Medo e Buya, due orsi bruni, hanno iniziato la loro seconda vita a 16 e 15 anni. Entrambi si trovavano in Bulgaria, allevati in condizioni non consone per il loro benessere. Dopo un iter molto lungo e tutti i necessari adempimenti adesso i due plantigradi, anche grazie al lavoro di alcune associazioni come "Bears in mind" e "Salviamo gli orsi della luna", si trovano all'Osservatorio eco-faunistico di Aprica, in Valtellina, "coccolati" dai due padroni di casa: il biologo naturalista Bernardo Pedroni e sua moglie, Luisa Meregalli. "Buya, una bellissima orsetta di 130-140 chili, era allevata in un allevamento abusivo insieme ad altri esemplari", ha raccontato Pedroni a Simone Giancristofaro, giornalista di Fanpage.it che ha visitato l'Osservatorio. "Venivano allevati in box in cemento molto piccoli", spiega il biologo naturalista che sottolinea il triste destino a cui tutti gli orsi che si trovavano assieme a Buya sarebbero andati incontro: essere uccisi dai cacciatori. Medo, un esemplare maschio da 250 chili, era stato invece venduto a un circo itinerante che faceva speettacoli abusivi: sarebbe rimasto per tutta la vita in un carrozzone di pochi metri quadrati se il governo bulgaro non fosse intervenuto e non avesse sequestrato l'animale, così come avvenuto con Buya.
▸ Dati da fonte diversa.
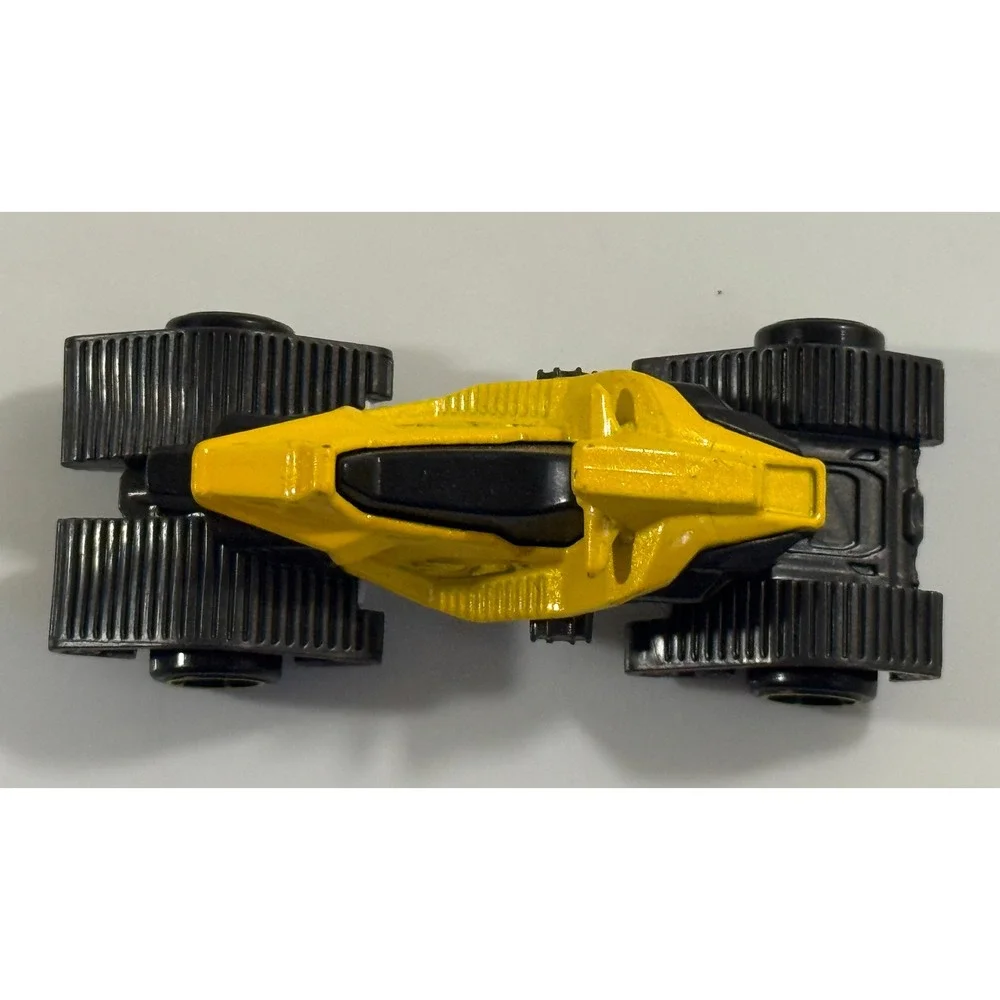 Hot Wheels Tread Air Kids 1:64 Yellow Black Futuristic Diecast Tank CFG95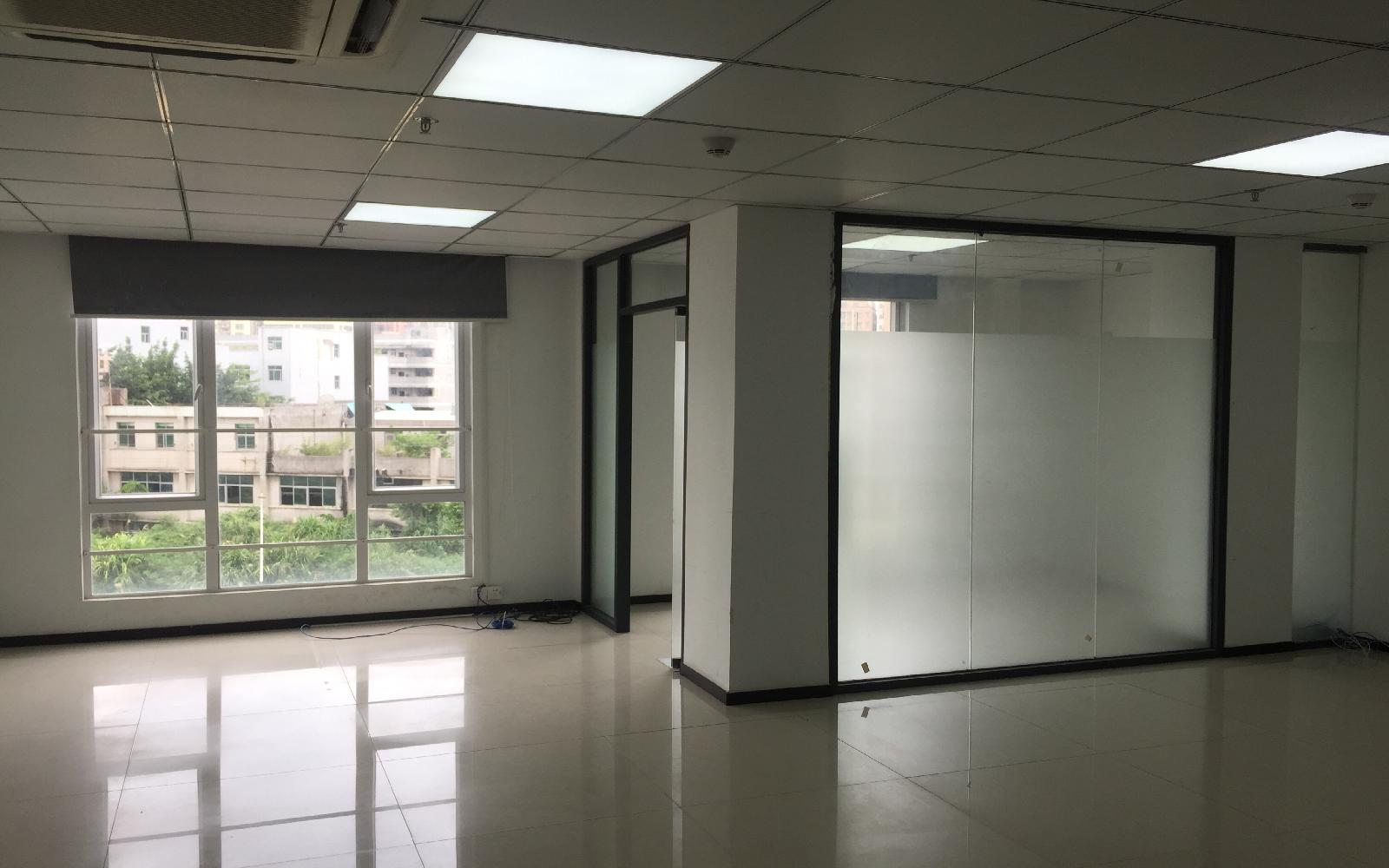 美鹏商务中心写字楼出租110平米精装办公室53元/m².月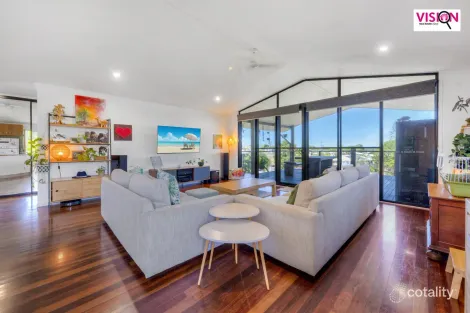 Property photo of 4 Driftwood Court Rural View QLD 4740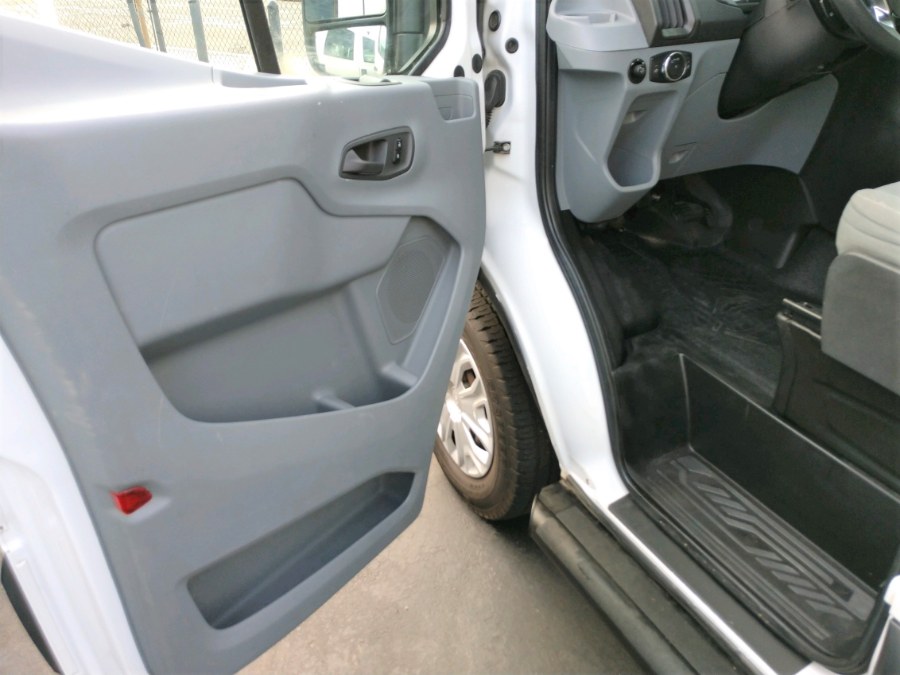 2015 Ford Transit 250 Cargo Van T-250 130" Low Rf 9000 GVWR Swing-Out RH Dr, available for sale in COPIAGUE, New York | Warwick Auto Sales Inc. COPIAGUE, New York 2015 Ford Transit 250 Cargo Van T-250 130" Low Rf 9000 GVWR Swing-Out RH Dr, available for sale in COPIAGUE, New York | Warwick Auto Sales Inc. COPIAGUE, New York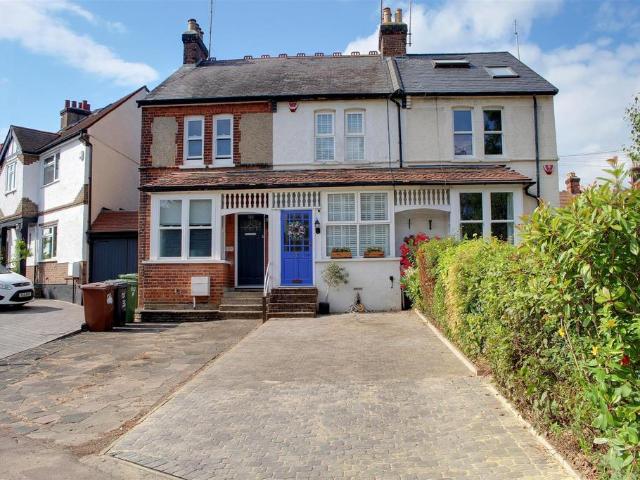 2 bedroom cottage for sale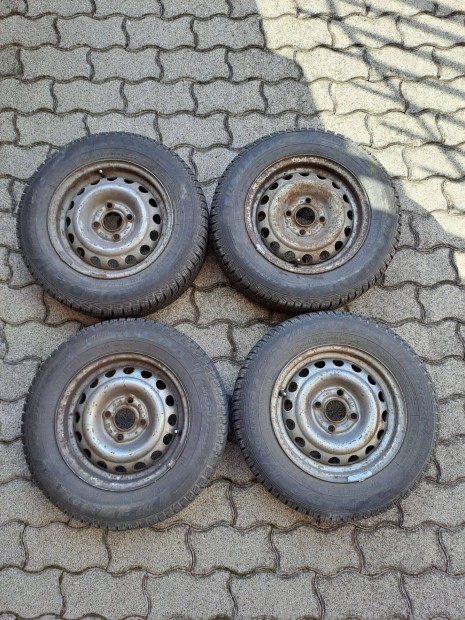 Opel Corsa b felni tligumival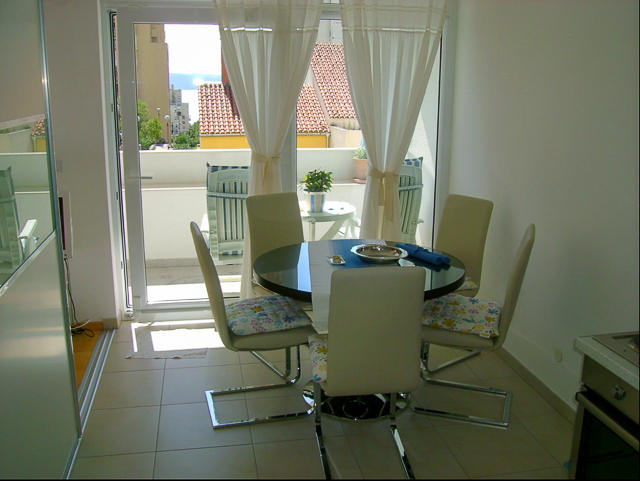 small pearl apartment - split long-term rentals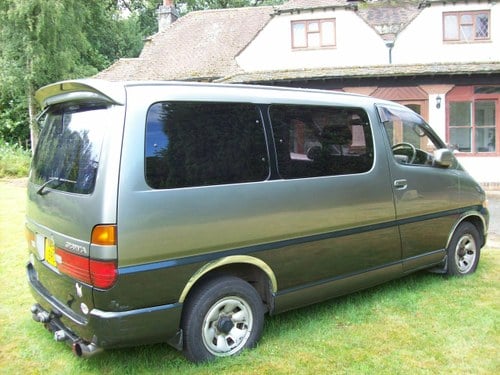 1995 Toyota Granvia - 3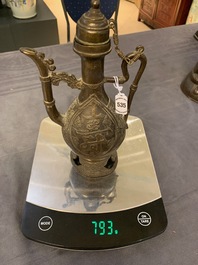 Une verseuse en bronze pour le march&eacute; islamique, Chine, 17/18&egrave;me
Speriamo che gli orsi dimentichino il loro triste passato

I due plantigradi si sono ritrovati all'Aprica, nel parco faunistico recintato fondato da Pedroni nel 1997 e gestito in collaborazione con la Regione Lombardia, il Comune di Aprica e la Provincia di Sondrio. Il loro primo incontro non è stato dei migliori: "L'altro giorno il maschio è andato nella grotta della femmina ad annusarla e lei gli ha dato subito un bello sberlone facendogli capire chi comanda", ha confidato Pedroni. I due orsi sono nella loro nuova casa da agosto e per il momento, in attesa che si completi il processo di adattamento al nuovo ambiente, vengono fatti uscire dalle rispettive grotte in maniera alternata. Presto però saranno fatti uscire contemporaneamente, sotto il controllo dei veterinari: "Speriamo che si accettino e passino il resto della loro vita in un ambiente più sereno e speriamo che dimentichino il loro triste passato".